How do you pick pieces—what has to click in your head to think ‘Yes that would make a great arrangement’?

What really does it for me is if I like the song. I arrange music far better if I like it, as the ideas come very quickly. It doesn’t have to be a song which when hearing the original you think ‘Ah that as it stands would sound good as a King’s Singers song’, it’s better when you feel something fresh can be added to the song.

Well let’s take an example—When she loved me. How did that Disney song enter your conscience?

I had already done a Disney song from the original Toy Story movie—I will go sailing no more, and what inspired that was David’s performance of Texas Girl at the Funeral of her Father which is also by Randy Newman and on the Good Vibrations album. There is something very poignant about a countertenor singing a sad song. When she loved me is sung by a girl in the movie—Jessie the cowgirl—but she is talking about her female owner, so it does work as a male lead. My children have the movies on DVD and love them, but it was actually Stephen who suggested When she loved me specifically. We were expecting to record I will go sailing no more, but Steve said ‘What about that other one…?’ and I knew immediately which one I would prefer. We were in Holland at the time and I went straight to the piano and did the introduction. The rest of it was easy because it’s basically close to how it is on the movie soundtrack, with a few extra spicy chords thrown in.

Can you put into words a stylistic difference between you, Bob Chilcott and Peter Knight—the other two arrangers on this album?

There is much more of a similarity between me and Bob Chilcott. Peter Knight wrote for the group in the early ‘70s, and his style is very much to do with textures. He writes some advanced chords, and has a beautiful harmonic structure to his arrangements. They are real classics and the two we have got on the album—Swing low, sweet chariot and You are the new day are good examples of his style. Bob works more on the ostinato principle. He’ll get a pattern, like in Greensleeves, Steal away or The gift to be simple on top of which the tune sits. I was in the group with him for 3 years and learnt a lot from him in terms of arranging.

I love my love has an ostinato doesn’t it?

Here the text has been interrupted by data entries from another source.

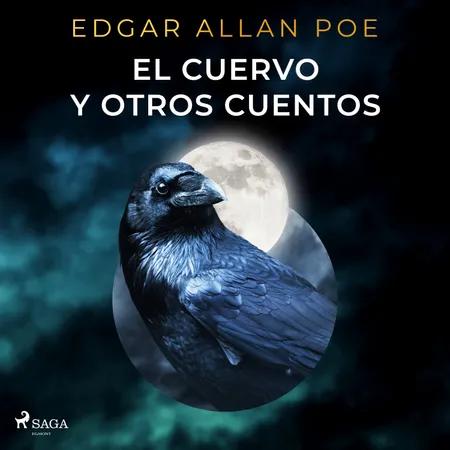 El cuervo y otros cuentos af Edgar Allan Poe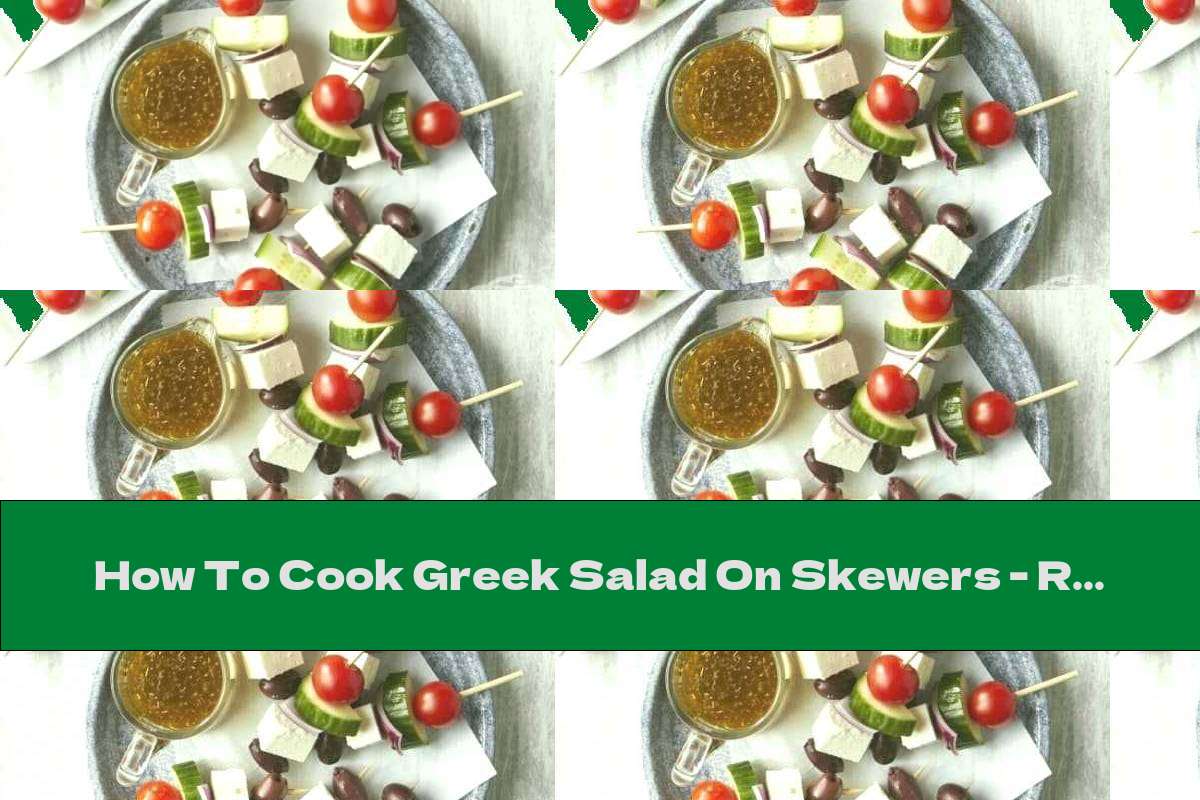 How To Cook Greek Salad On Skewers - Recipe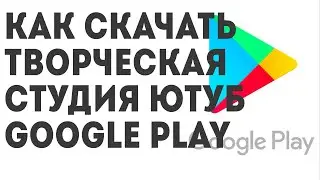 Как скачать Творческая студия Ютуб  Google Play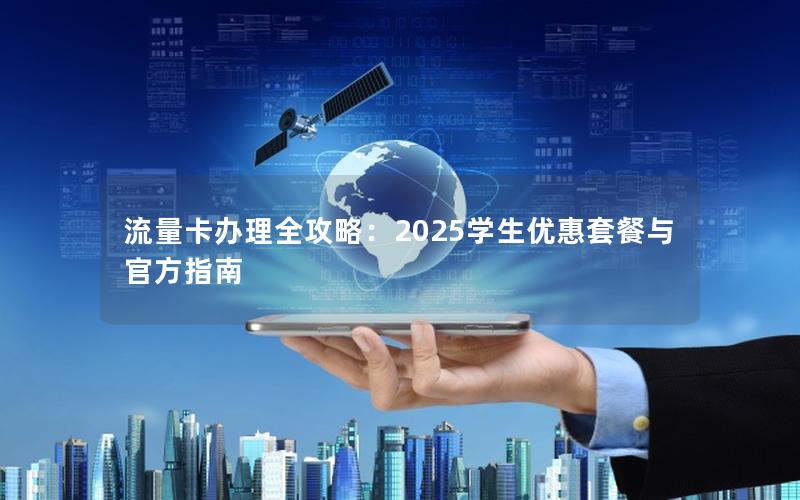 流量卡办理全攻略：2025学生优惠套餐与官方指南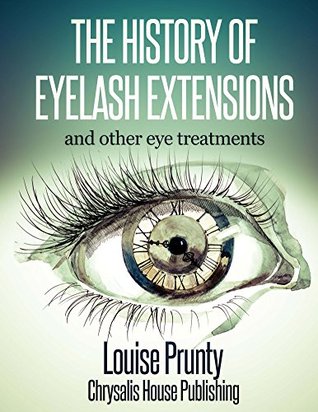 The History of Eyelash Extensions (Kindle Edition)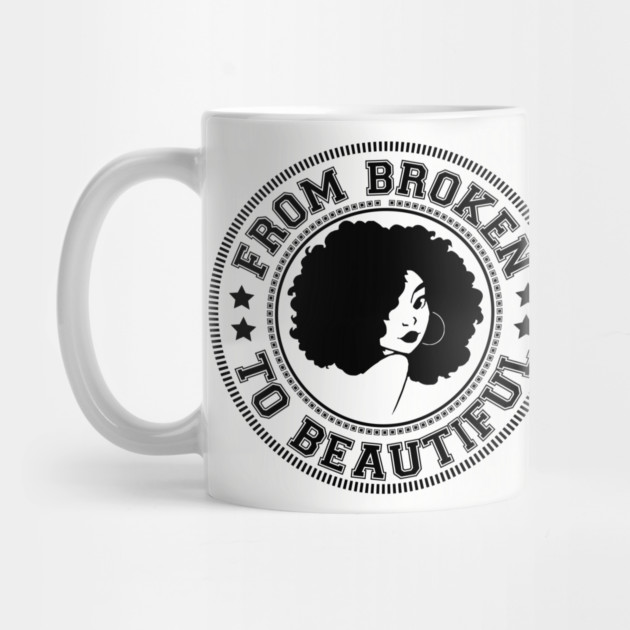 From Broken to Beautiful by UrbanLifeApparel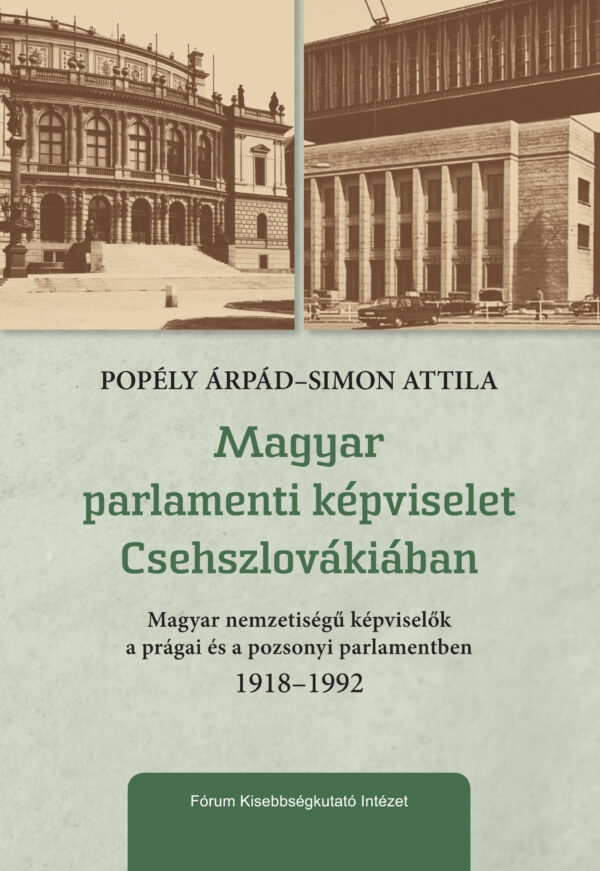 POPÉLY ÁRPÁD–SIMON ATTILA: Magyar parlamenti képviselet Csehszlovákiában. Magyar nemzetiségű képviselők a prágai és a pozsonyi parlamentben 1918–1992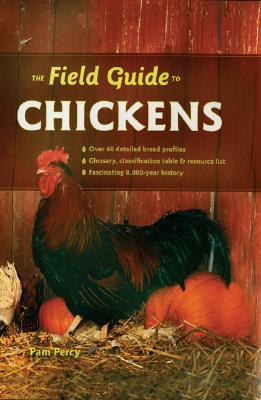 The Field Guide to Chickens - Percy, Pam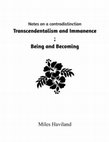 Research paper thumbnail of NOAC Transcendentalism and Immanence ; Being and Becoming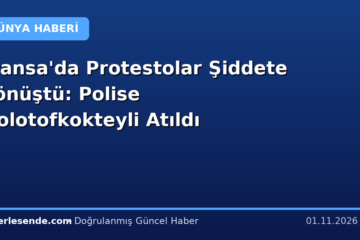 Fransa'da Protestolar Şiddete Dönüştü: Polise Molotofkokteyli Atıldı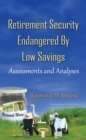 Retirement Security Endangered By Low Savings : Assessments and Analyses - eBook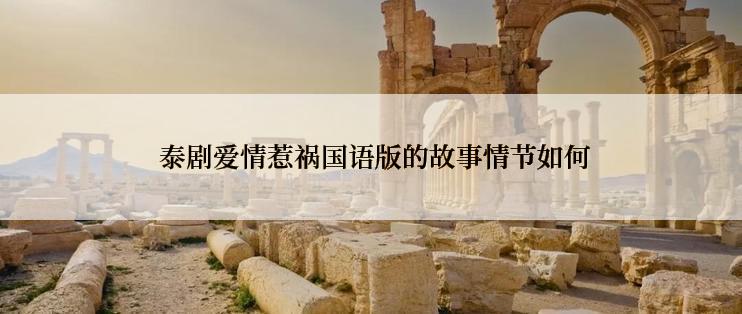  泰剧爱情惹祸国语版的故事情节如何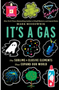 It's a Gas: The Sublime and Elusive Elements That Expand Our World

Yes, exactly, and I arranged that while Bob was in the group, looking over my shoulder!

The album is coming out in The King’s Singers 40th anniversary year. Is it a good birthday gift? Is it representative of the group now?

It makes a great birthday gift to our fans, but isn’t representative of everything we do now. The variety of our repertoire comes across more fully in our recent Byrd to Beatles DVD. Over the last few years we have recorded many classical albums so we all thought it was time to redress the balance. These songs are going to enter the repertoire and refresh the close harmony section of concerts and the content of masterclasses that we give, because the music will be published in a Hal Leonard book in the autumn of 2008.

And so before long you will be enjoying groups from around the world singing these songs to you!

Yes, and perhaps we’ll even be singing with them! We love performing You are the new day with the second choir part, and the James Taylor song should work well like that too.